*** Opening of Data for this exercise ***
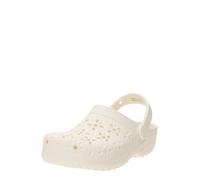 Crocs - Classic Floral Cut Out Clog - Sandali EU 37-38 beige/bianco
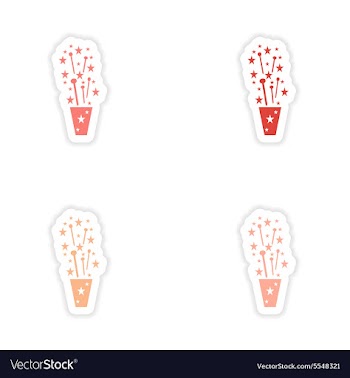 Assembly realistic sticker design on paper vector image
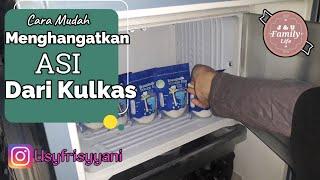 Cara mudah Menghangatkan ASI dari Kulkas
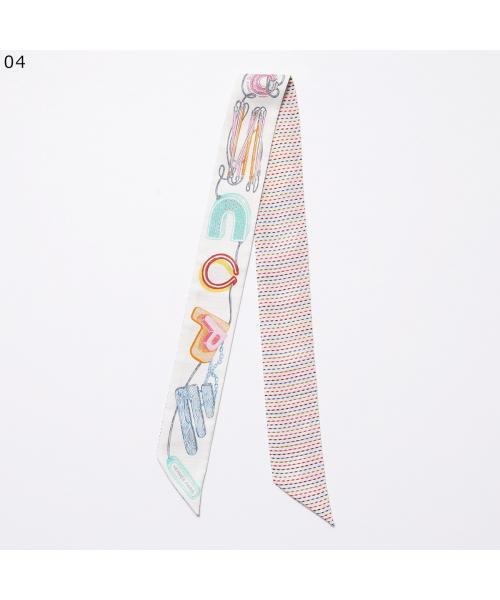 HERMES ツイリー スカーフ 853954S シルク ステッチ 刺繍 HERMES ツイリー スカーフ 853954S シルク ステッチ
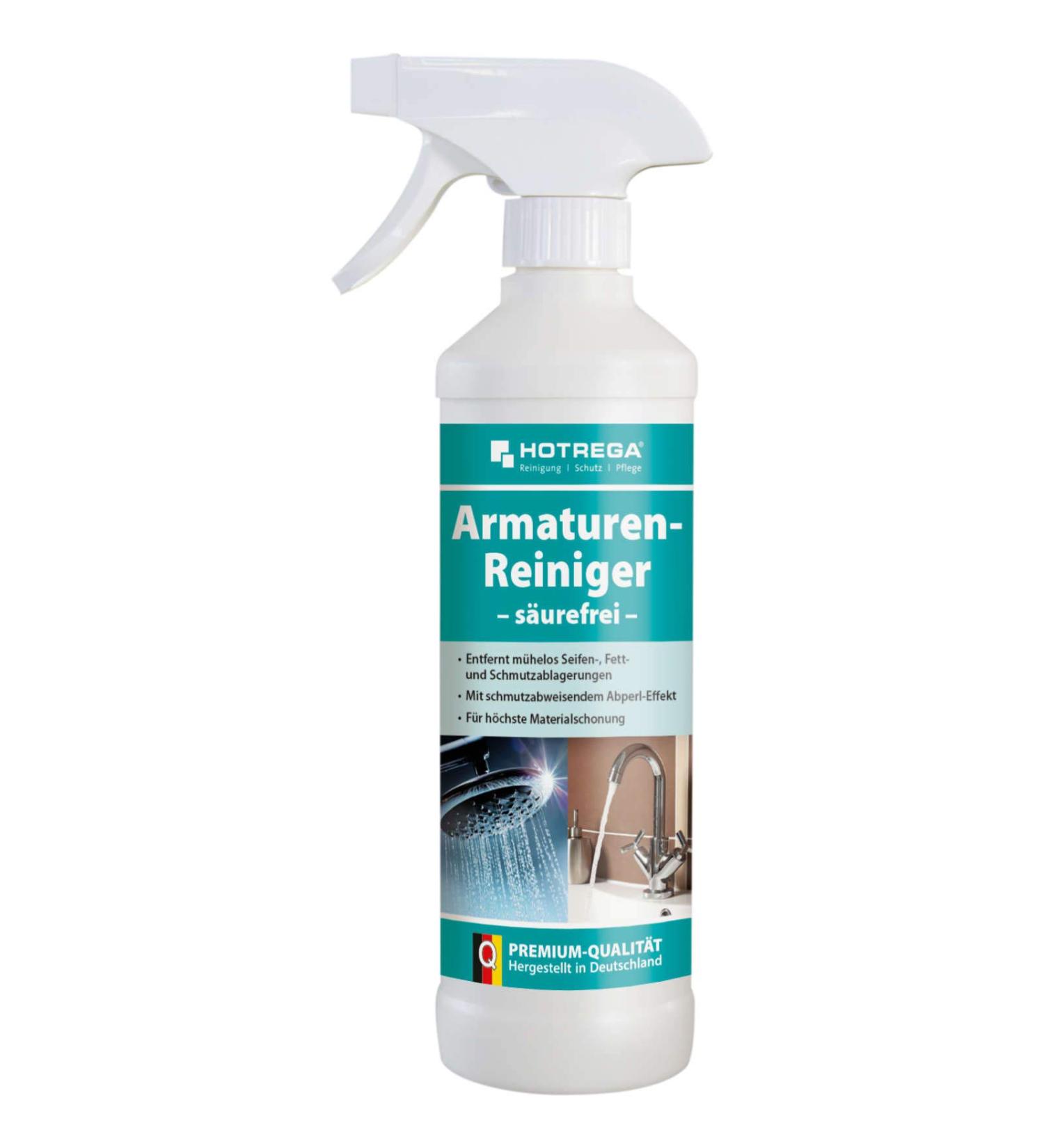HOTREGA fittings cleaner acid-free 500 ml bathroom cleaner kitchen cleaner pearling effect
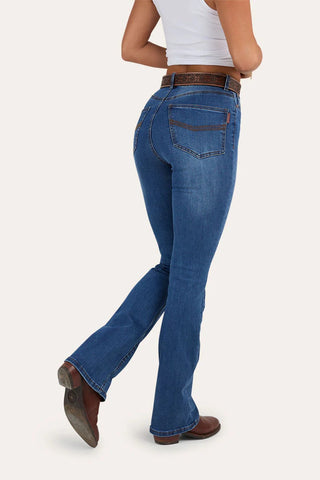 Ringers Western - Penny Womens High Rise Bootleg Jean Vintage Blue Wash [sz:20]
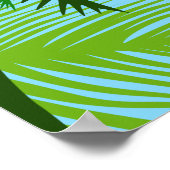 Aloha Honeys Hawaiian Blond Hula Girl Poster (Ecke)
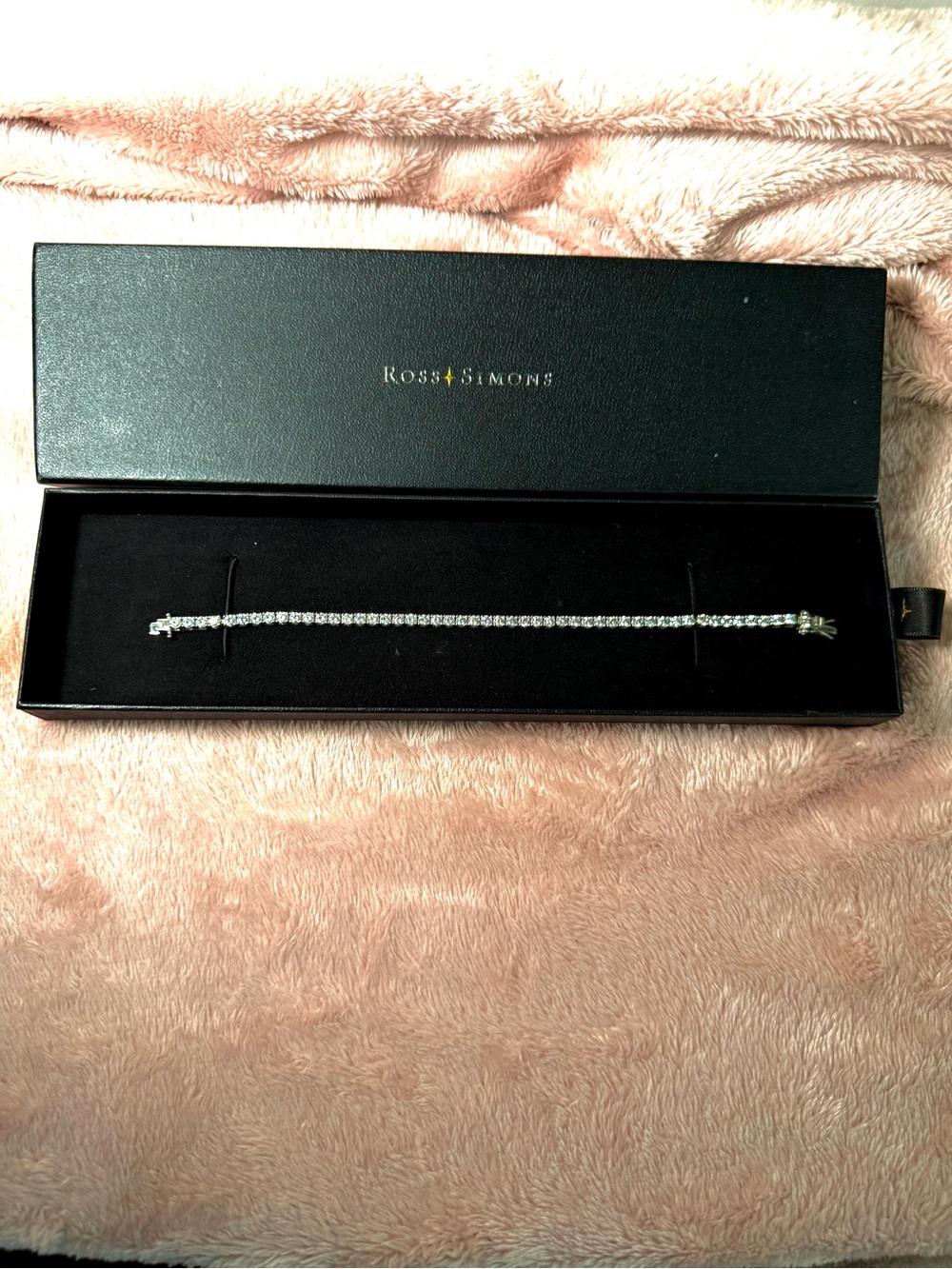 5.50 ct. t.w. Moissanite Tennis Bracelet Sterling Silver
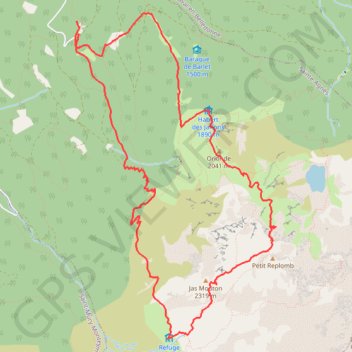 Itinéraire Le Grand Replomb, distance, dénivelé, altitude, carte, profil, trace GPS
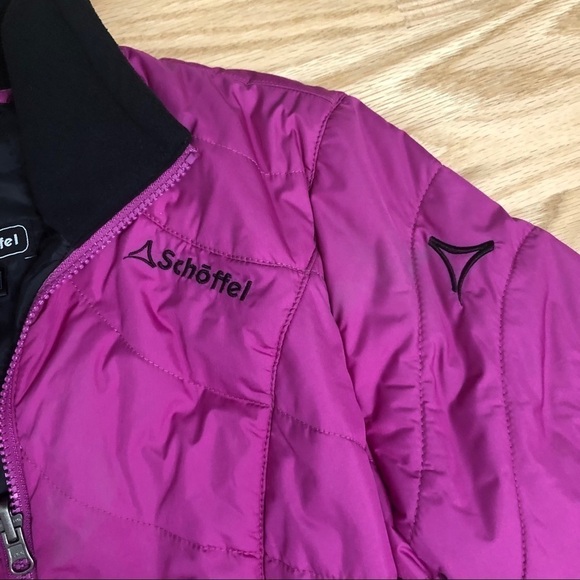 Schoffel Puffer Down Purple Jacket Sz XS Hoodless Full Zip Women’s - Picture 4 of 8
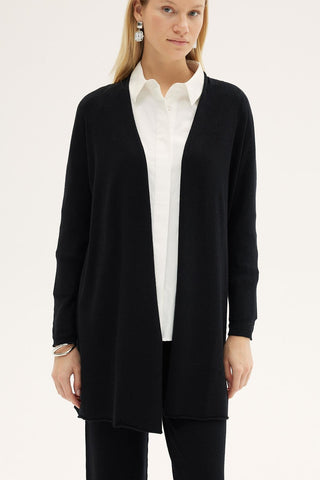 Fulya Knit Cardigan –  Black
*** Close of Data for this exercise ***
Aim of the exercise ▸
The output should consist of every entry above, printed exactly, with the images removed.

Written response ▸
 Crocs - Classic Floral Cut Out Clog - Sandali EU 37-38 beige/bianco
 Assembly realistic sticker design on paper vector image
 Cara mudah Menghangatkan ASI dari Kulkas
 HERMES ツイリー スカーフ 853954S シルク ステッチ 刺繍 HERMES ツイリー スカーフ 853954S シルク ステッチ
HOTREGA fittings cleaner acid-free 500 ml bathroom cleaner kitchen cleaner pearling effect
 Ringers Western - Penny Womens High Rise Bootleg Jean Vintage Blue Wash [sz:20]
 Aloha Honeys Hawaiian Blond Hula Girl Poster (Ecke)
 5.50 ct. t.w. Moissanite Tennis Bracelet Sterling Silver
 Itinéraire Le Grand Replomb, distance, dénivelé, altitude, carte, profil, trace GPS
 Schoffel Puffer Down Purple Jacket Sz XS Hoodless Full Zip Women’s - Picture 4 of 8
 Fulya Knit Cardigan –  Black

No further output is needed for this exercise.